Many animals use their voices to claim territory. Whether it is over a residence or a food source, organisms such as the Mangabee monkey defend their claims by singing. Lemurs also use vocal communication. They live as families, and together they create a song which either says “we live here” or “GTFO,” whichever way you want to take it. The female lemur leads and neighbours respond with their own family choruses. The Black Gibber, a species of monkey, is similar except it’s the male who leads. #FredEstaire
Monkeys are so cool. Some monkeys have even formulated “words”. They repeat the same sound to indicate particular things. A certain predator will have its own indicative sound. This alarms other monkeys of impending doom and helps everyone to protect one another. Some monkeys have even learned other species’ “words” and adopted them.
If we aren’t looking for a tree to pee on, we’re looking for a hot date. All sorts of organisms have developed unique ways to attract their counterparts. Often, birds will use high pitched voices. The Palm Cockatoo beats a stick on a stump, following it with a screeching call. Birds typically take the cake in courtship.
Toad Fishes have been known to create such a raucous in their breeding habits that they’ve been mistaken for power line surges and other mechanical malfunctions. Sometimes the telephone lines get jammed. In a chorus of many different types of male frogs, only the loudest are heard by the princess frog.
More quietly, the fireflies light up the night Malasian sky. These buggers communicate with the light produced by their bodies. It is another sort of Morse code, but which is received with the eyes and not the ears. This communication can be mimicked with a flashlight and proper timing. (Kind of related but not really a Blue Fish topic – go check out Li-Fi Internet after you leave a comment below. Or comment what you think of Li-Fi. Cuz it sounds pretty cool.)
Even in the sea, light is used as a form of communication. Fire worms secret a substance which glows under the water’s surface. In the depths of the sea, our little beauties like jellyfish and squids glow in the darkest parts of the planet in order to communicate.
Sound travels well in the water.

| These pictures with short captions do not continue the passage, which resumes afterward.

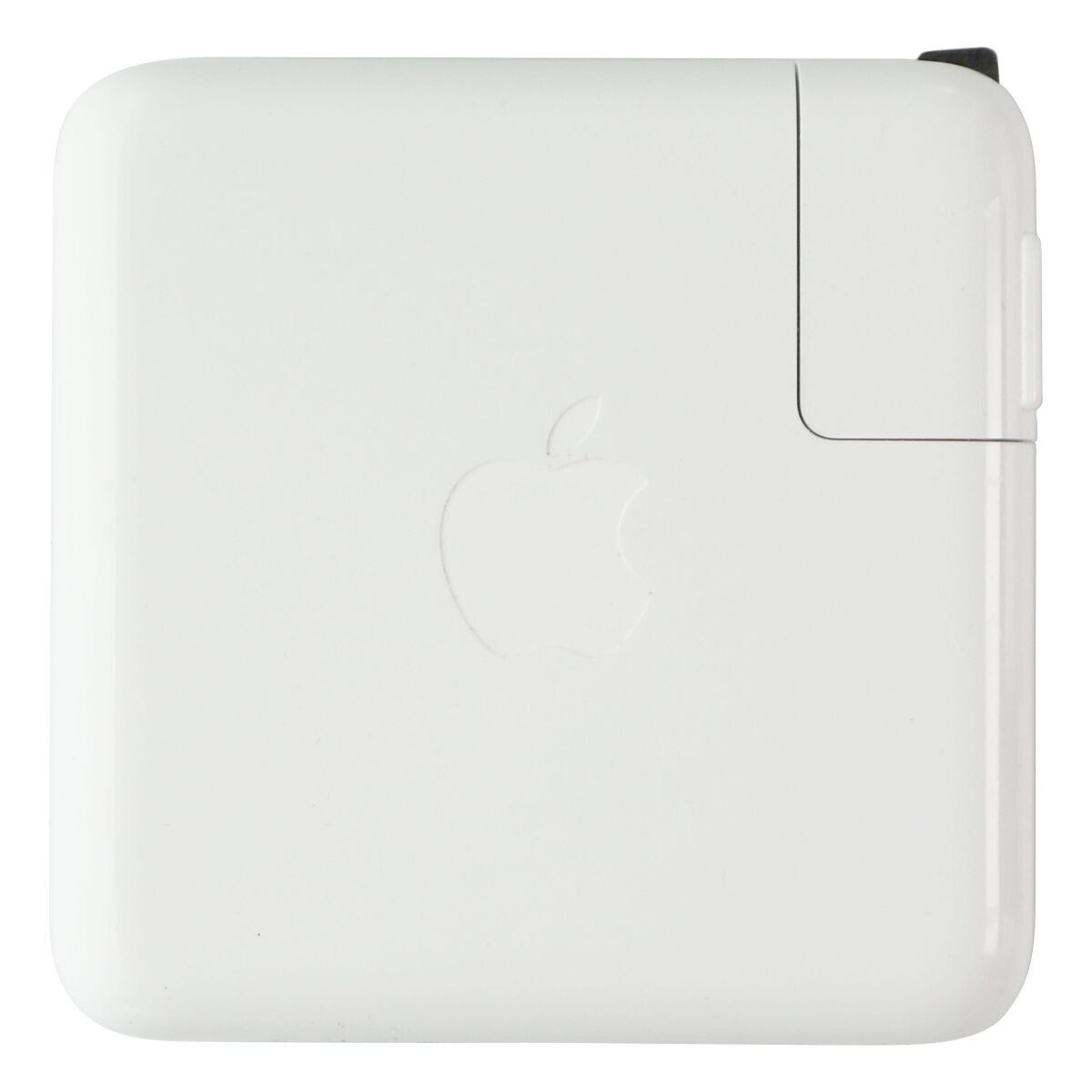 Apple 61W Original USB-C AC Power Adapter - White A1947 A1718 — photo 2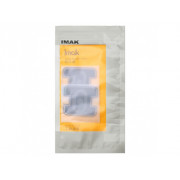 IMAK Ochranné tvrdené sklo kamery Xiaomi Mi 10 2Ks IMAK Ochranné tvrdené sklo kamery Xiaomi Mi 10 2Ks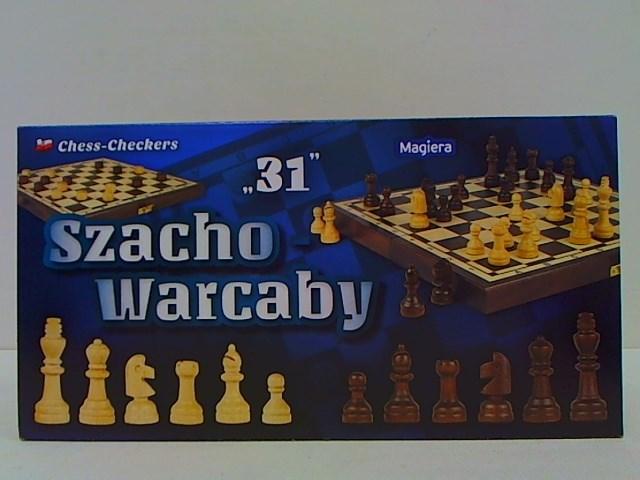 Produktbild Magiera Checkers-checkers 31cm
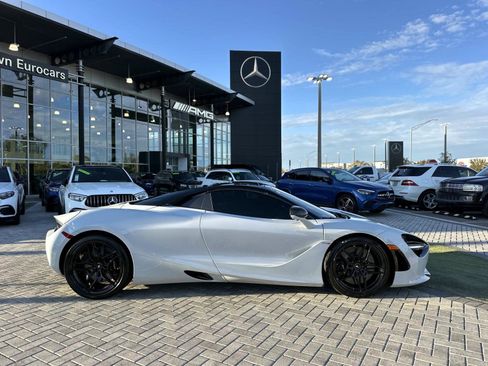 Used 2020 McLaren 720S Performance image 15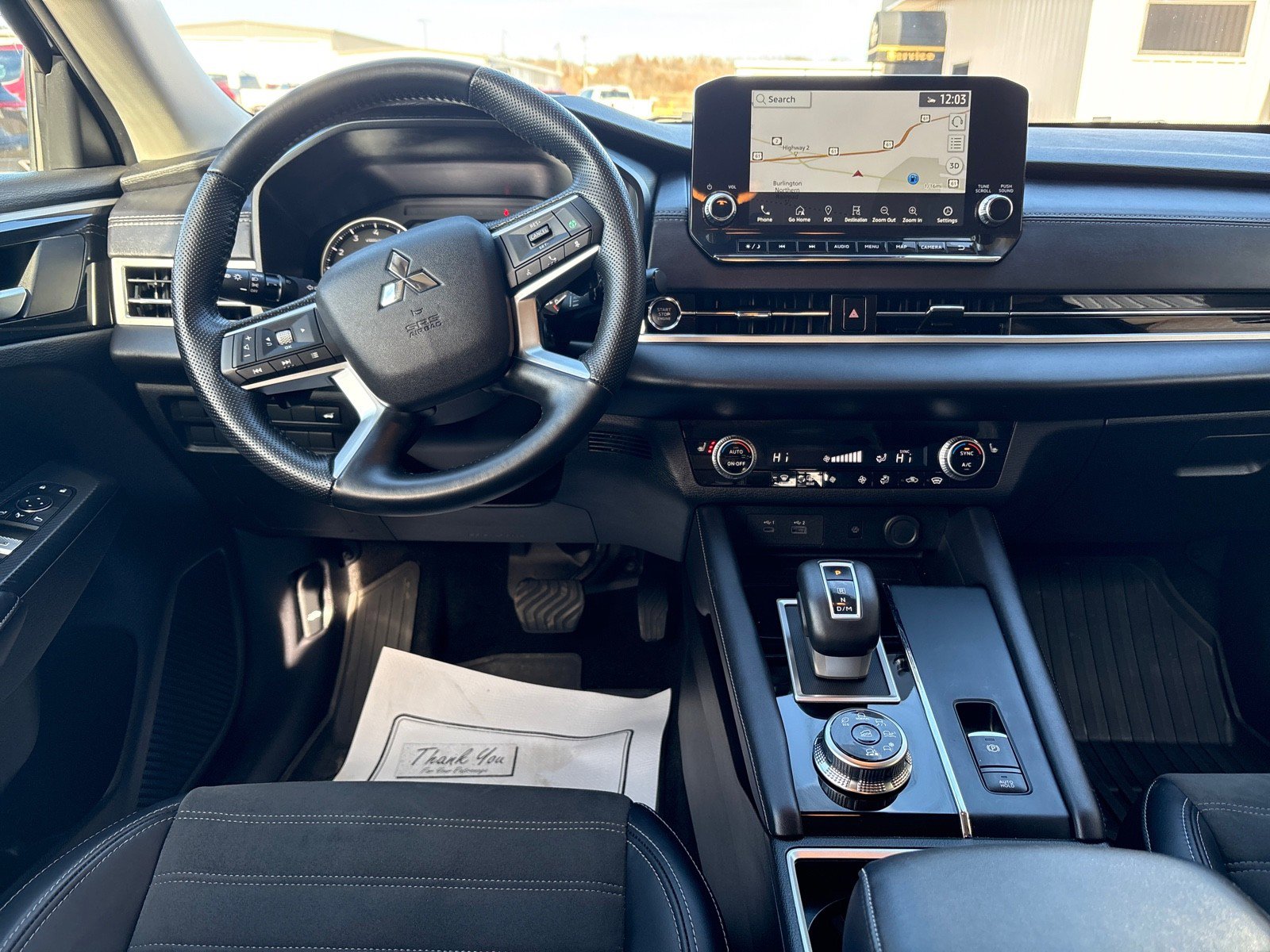 Used 2024 Mitsubishi Outlander SE image 6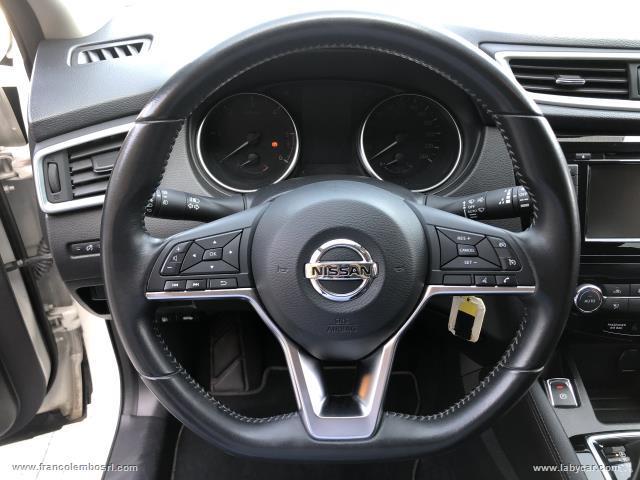 Auto - Nissan qashqai 1.5 dci 115 cv dct business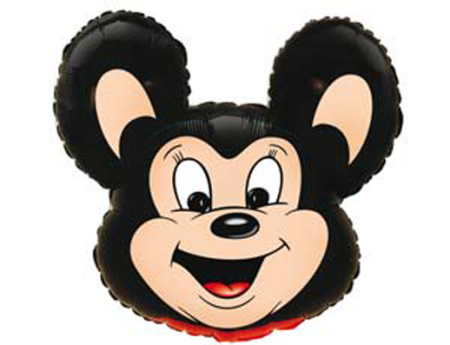 Голова Микки маус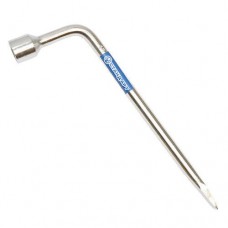 Ключ баллонный с лопаткой 17 мм "СТАНДАРТ"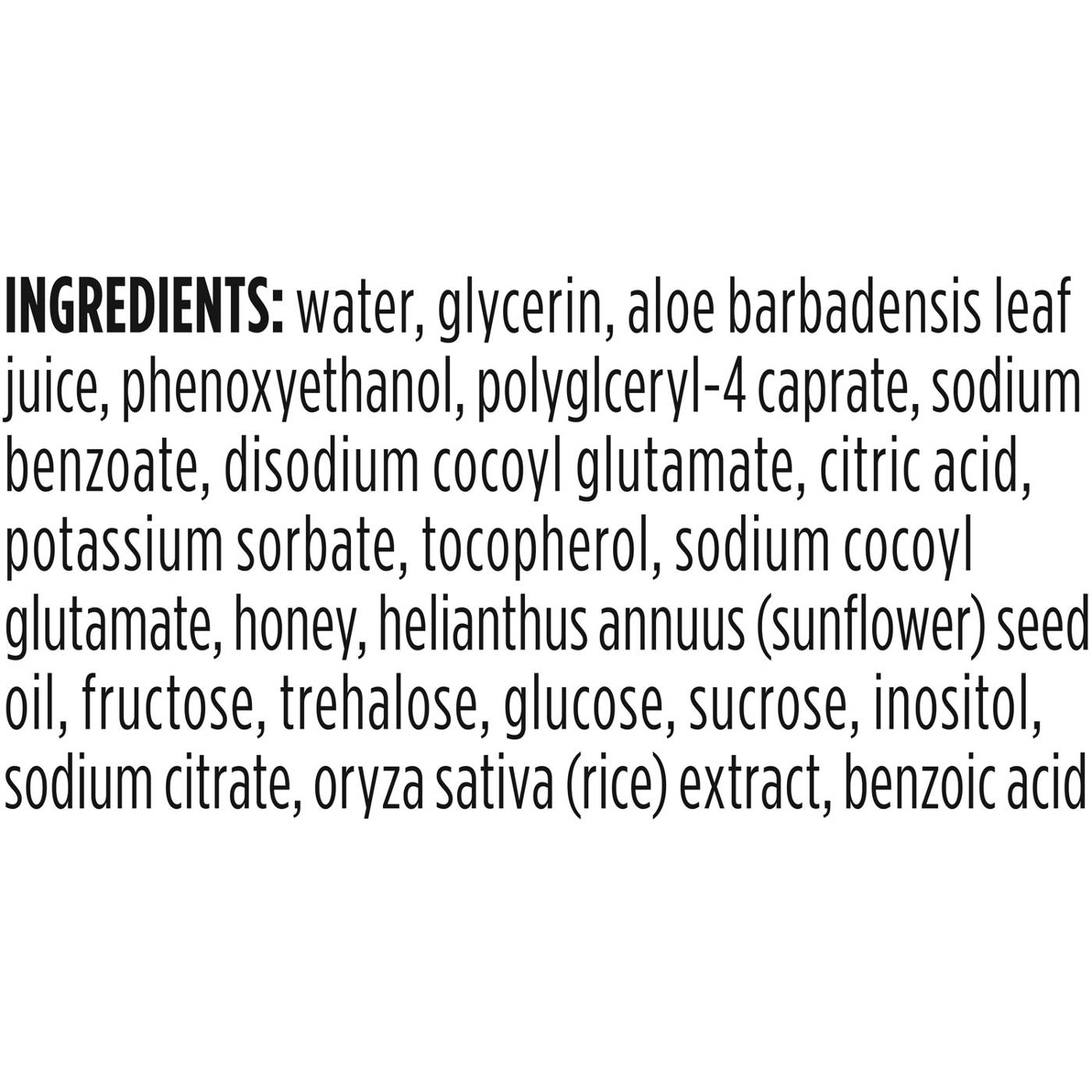 Burt's Bees Soothing Facial Towelettes - Fragrance Free; image 4 of 13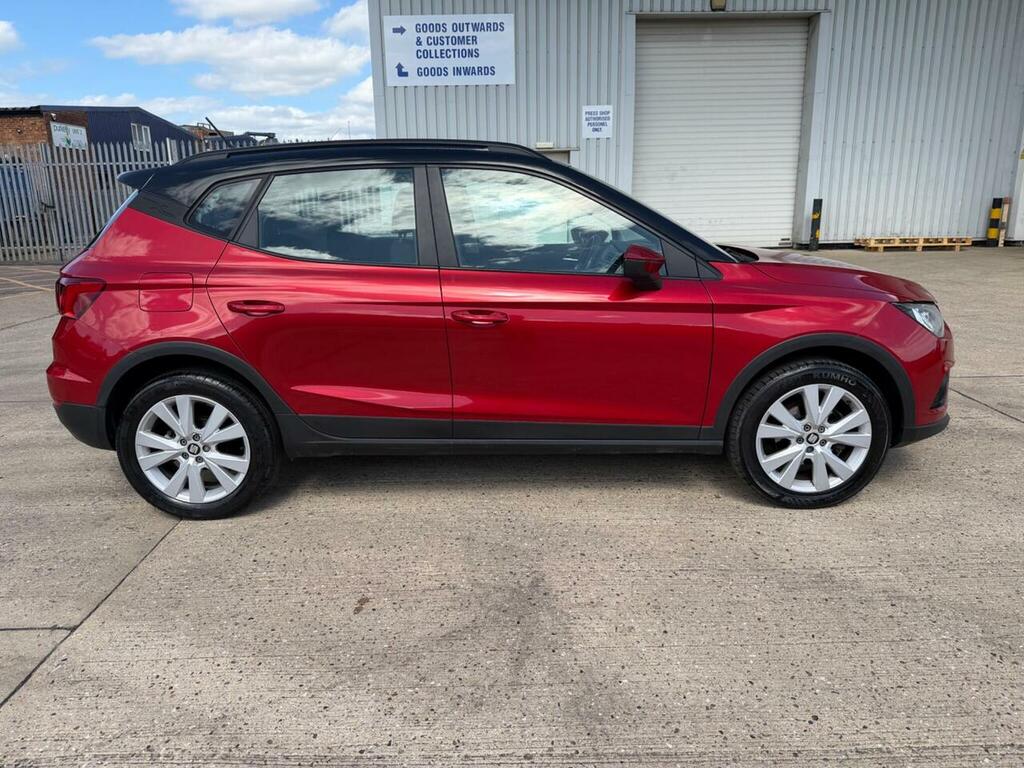Seat Arona Petrol  #4
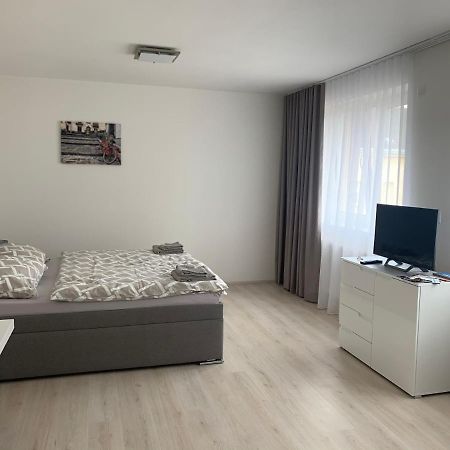 Modern Apartment In The City Center Пльзень Экстерьер фото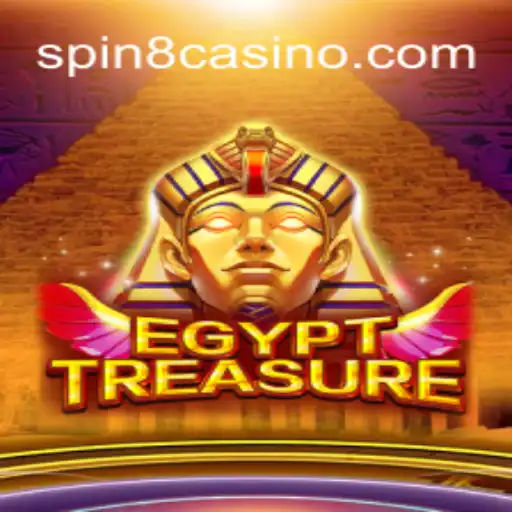 Descubra os Segredos do EgyptTreasure com SPIN8.games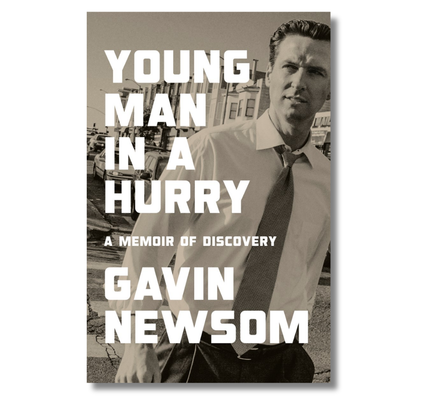 Young Man in a Hurry:  A Memoir of Discovery
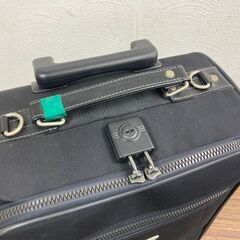 【お売りします】 Samsonite　キャリーバッグ　キャリーケース　スーツケース　ブラック　旅行　出張　サムソナイトの画像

We hear all sorts of things while diving, but it’s a strange experience because it’s darn near impossible to tell from where the sound is coming. On land it’s fairly simple to determine the source of a sound – your brain figures it out using the time difference between the sound hitting one ear before the other. Underwater, we don’t have this luxury. The time delay is too minimal as sound travels four times faster underwater than in the air.
Seals, whales, and fish are mostly the ones making noise underwater. Narwhals make clicking sounds which aid them in navigation. Some whales are so loud that they can make public announcements over several miles. Deaf water dwelling creatures communicate visually by changing colours.
Dolphins are excellent communicators. They converse almost continuously with ultrasonic clicks and whistles. Dolphins have their own “whistles” which act as their names for others to call them by. They rub their fins with those of other dolphins as two humans may shake each other’s hands.
Communication has evolved in the animal kingdom much as it has for humans. Even though there are no cell phones in the jungle and no Internet in the sea, wild animals have made sure that they will be heard, or seen, or felt. Successful animals have surpassed the trials of communication either to protect themselves and their territory or to attract a mate. In any case it is these animals who will be heard and will pass on their loud mouths to the next generation, keeping the song in tune.
**This post is adapted from an essay I wrote in 2010 while attending SLU.
Attenborough, D. (Director). (1990). Trials of life [Motion picture on VHS]. British Broadcasting Corporation in association with the Australian Broadcasting Corp.
Graver, D. (2010). Scuba diving (4th ed., p. 32). Champaign, Ill.: Human Kinetics.